__Collected data__
⁂

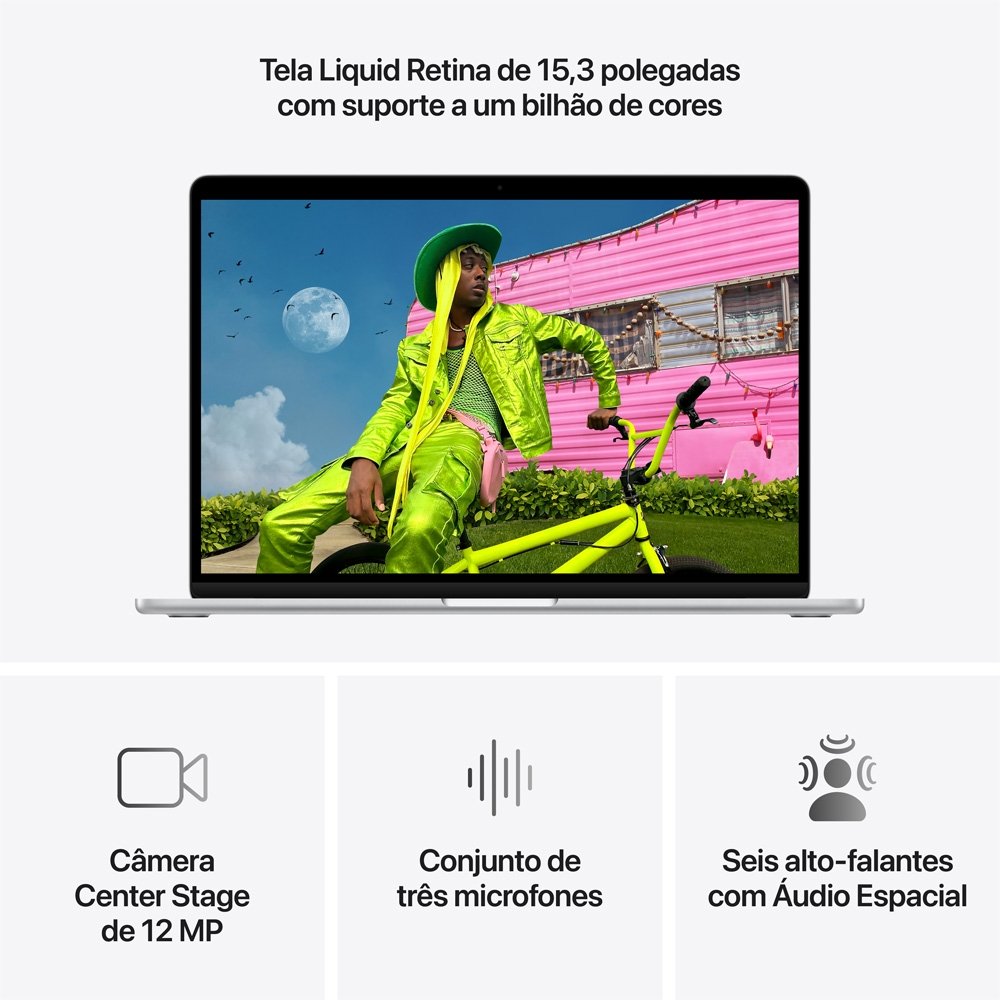 MacBook Air Apple 15" Chip M5, CPU de 10 Núcleos, GPU de 10 Núcleos, Neural Engine de 24 Núcleos, 1TB, Prateado - MDVC4BZ/A MacBook Air Apple 15" Chip M5, CPU de 10 Núcleos, GPU de 10 Núcleos, Neural Engine de 24 Núcleos, 1TB, Prateado - MDVC4BZ/A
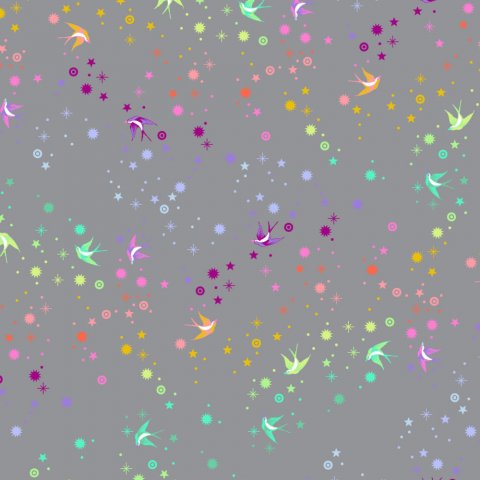 Tula Pink patchworkstof med glimmer og fest�v i alle regnbuens farver p� gr� baggrund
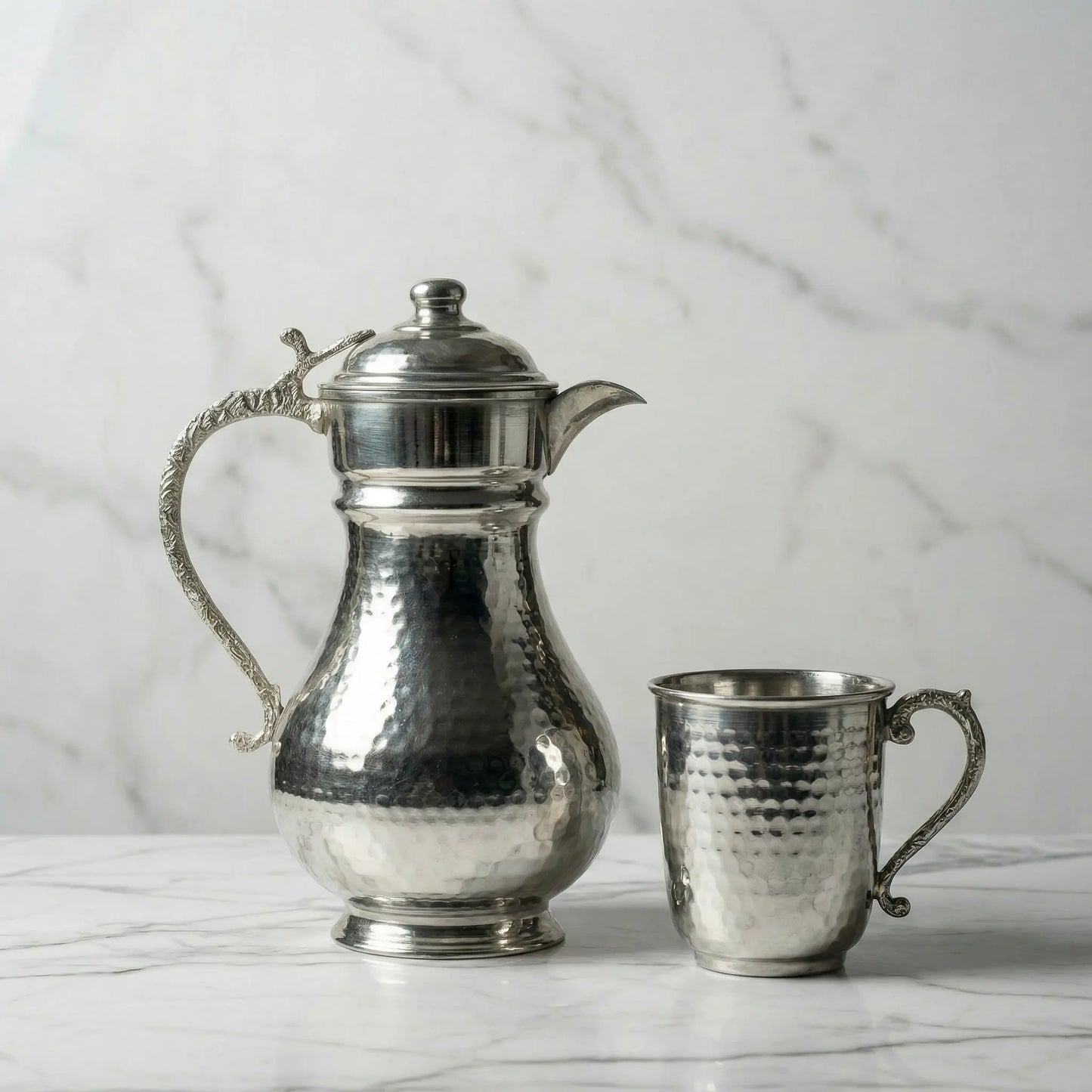 Kalaylı, Kapaklı Bakır Sürahi Gümüş Renk (2.5 Litre)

⁂

__What is expected__
Please produce an exact copy of all the material, leaving out the pictures.

__Answer for the task__
 MacBook Air Apple 15" Chip M5, CPU de 10 Núcleos, GPU de 10 Núcleos, Neural Engine de 24 Núcleos, 1TB, Prateado - MDVC4BZ/A MacBook Air Apple 15" Chip M5, CPU de 10 Núcleos, GPU de 10 Núcleos, Neural Engine de 24 Núcleos, 1TB, Prateado - MDVC4BZ/A
 Tula Pink patchworkstof med glimmer og fest�v i alle regnbuens farver p� gr� baggrund
 Kalaylı, Kapaklı Bakır Sürahi Gümüş Renk (2.5 Litre)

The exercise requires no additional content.